Un feu vert donné pour l’exploitation
Outre le permis de construire, Unitech avait aussi besoin, pour lancer le projet, d’une autorisation préfectorale d’exploitation de l’installation. C’est maintenant chose faite puisque la préfecture vient de communiquer sa décision et donne le feu vert, au mépris d’une large et incontestable opposition de la population. A cette occasion, les différentes associations viennent de se constituer en Collectif contre Unitech, qui aura pour objectif de coordonner la résistance. Le mouvement indique qu’en aucun cas « cette autorisation ne doit être comprise comme la réalisation opérationnelle du projet. Elle ne signifie pas non plus le renoncement du combat. Bien au contraire, elle offre de nouvelles perspectives et de nouveaux angles d’attaque. »
Le Collectif contre Unitech entend monter au créneau, et introduire un nouveau recours contre l’autorisation d’exploitation, avec l’aide d’un ou plusieurs cabinets spécialisés dans le droit environnemental. Un groupe technique a déjà mis en évidence de très nombreuses failles dans le dossier, dont la dernière version serait parsemée d’erreurs. « Nous allons enfin pouvoir traduire juridiquement ce que l’on dénonce depuis plusieurs années : un projet aux multiples nuisances environnementales et sanitaires », déclare le mouvement, qui pourra compter sur l’expérience, la communication et l’assise d’organisations nationales comme la Criirad, France Nature Environnement, Greenpeace, et Réseau Sortir du nucléaire.

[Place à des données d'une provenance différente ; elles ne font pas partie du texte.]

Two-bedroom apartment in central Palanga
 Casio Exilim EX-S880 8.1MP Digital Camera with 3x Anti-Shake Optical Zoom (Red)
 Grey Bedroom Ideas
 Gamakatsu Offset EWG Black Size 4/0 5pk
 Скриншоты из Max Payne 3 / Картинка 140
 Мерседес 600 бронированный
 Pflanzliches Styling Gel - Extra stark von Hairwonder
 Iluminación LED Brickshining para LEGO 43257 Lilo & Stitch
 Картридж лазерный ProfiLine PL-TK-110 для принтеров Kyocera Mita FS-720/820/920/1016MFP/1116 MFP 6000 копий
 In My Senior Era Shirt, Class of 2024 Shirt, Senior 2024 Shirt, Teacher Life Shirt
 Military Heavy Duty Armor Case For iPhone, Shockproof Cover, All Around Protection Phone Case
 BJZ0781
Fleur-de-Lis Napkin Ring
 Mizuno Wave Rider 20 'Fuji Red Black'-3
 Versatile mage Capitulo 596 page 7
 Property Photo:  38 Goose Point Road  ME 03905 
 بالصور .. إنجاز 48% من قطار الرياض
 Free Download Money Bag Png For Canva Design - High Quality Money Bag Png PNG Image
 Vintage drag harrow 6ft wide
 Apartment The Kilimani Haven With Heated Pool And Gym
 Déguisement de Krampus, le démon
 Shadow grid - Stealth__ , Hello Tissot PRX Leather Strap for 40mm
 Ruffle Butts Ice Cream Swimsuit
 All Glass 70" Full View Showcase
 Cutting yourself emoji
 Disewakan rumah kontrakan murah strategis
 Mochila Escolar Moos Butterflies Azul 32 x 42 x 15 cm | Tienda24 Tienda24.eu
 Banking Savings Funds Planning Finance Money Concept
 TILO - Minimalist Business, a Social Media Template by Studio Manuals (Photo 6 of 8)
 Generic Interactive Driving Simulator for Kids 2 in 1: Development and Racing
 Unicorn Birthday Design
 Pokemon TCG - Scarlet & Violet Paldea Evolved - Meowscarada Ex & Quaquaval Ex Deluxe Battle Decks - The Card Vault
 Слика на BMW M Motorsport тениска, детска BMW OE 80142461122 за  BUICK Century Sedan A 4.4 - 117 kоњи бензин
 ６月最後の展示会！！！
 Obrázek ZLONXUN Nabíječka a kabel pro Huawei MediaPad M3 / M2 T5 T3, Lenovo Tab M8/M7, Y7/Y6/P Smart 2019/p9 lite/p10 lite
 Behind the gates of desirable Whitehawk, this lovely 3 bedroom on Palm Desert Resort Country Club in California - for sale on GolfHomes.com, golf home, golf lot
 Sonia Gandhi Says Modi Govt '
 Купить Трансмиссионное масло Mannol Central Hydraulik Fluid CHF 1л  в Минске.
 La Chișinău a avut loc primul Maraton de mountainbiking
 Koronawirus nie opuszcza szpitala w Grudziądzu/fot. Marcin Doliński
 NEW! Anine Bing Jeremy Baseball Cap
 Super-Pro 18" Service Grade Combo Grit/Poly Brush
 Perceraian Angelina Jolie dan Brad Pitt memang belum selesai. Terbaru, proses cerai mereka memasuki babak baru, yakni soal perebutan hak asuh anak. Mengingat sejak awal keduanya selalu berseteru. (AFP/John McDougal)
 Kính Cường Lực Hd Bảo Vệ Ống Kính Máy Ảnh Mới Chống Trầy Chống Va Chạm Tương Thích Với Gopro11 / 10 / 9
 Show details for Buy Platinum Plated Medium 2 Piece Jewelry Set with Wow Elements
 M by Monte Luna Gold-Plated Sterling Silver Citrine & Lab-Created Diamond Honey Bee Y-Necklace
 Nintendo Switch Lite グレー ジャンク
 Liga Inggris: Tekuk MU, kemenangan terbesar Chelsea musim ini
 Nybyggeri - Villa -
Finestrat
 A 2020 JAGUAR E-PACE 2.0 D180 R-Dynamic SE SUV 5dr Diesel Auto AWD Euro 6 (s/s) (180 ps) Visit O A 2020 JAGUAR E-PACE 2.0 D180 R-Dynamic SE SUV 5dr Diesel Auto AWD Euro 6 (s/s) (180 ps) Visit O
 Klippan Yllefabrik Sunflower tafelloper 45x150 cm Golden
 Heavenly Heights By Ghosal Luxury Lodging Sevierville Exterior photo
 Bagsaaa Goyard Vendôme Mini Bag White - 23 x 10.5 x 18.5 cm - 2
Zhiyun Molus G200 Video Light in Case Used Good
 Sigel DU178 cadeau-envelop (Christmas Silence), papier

Sans tenir compte de la crise sanitaire actuelle ni en comprendre les enseignements, les autorités décident une fois de plus de favoriser les intérêts privés d’un groupe industriel en dépit d’une opposition citoyenne locale écrasante. Mais pour les habitants, la bataille juridique est loin d’être terminée, et les associations disposent encore de plusieurs voies d’action pour lutter contre un projet qui menace l’écosystème et la santé des habitants de la région.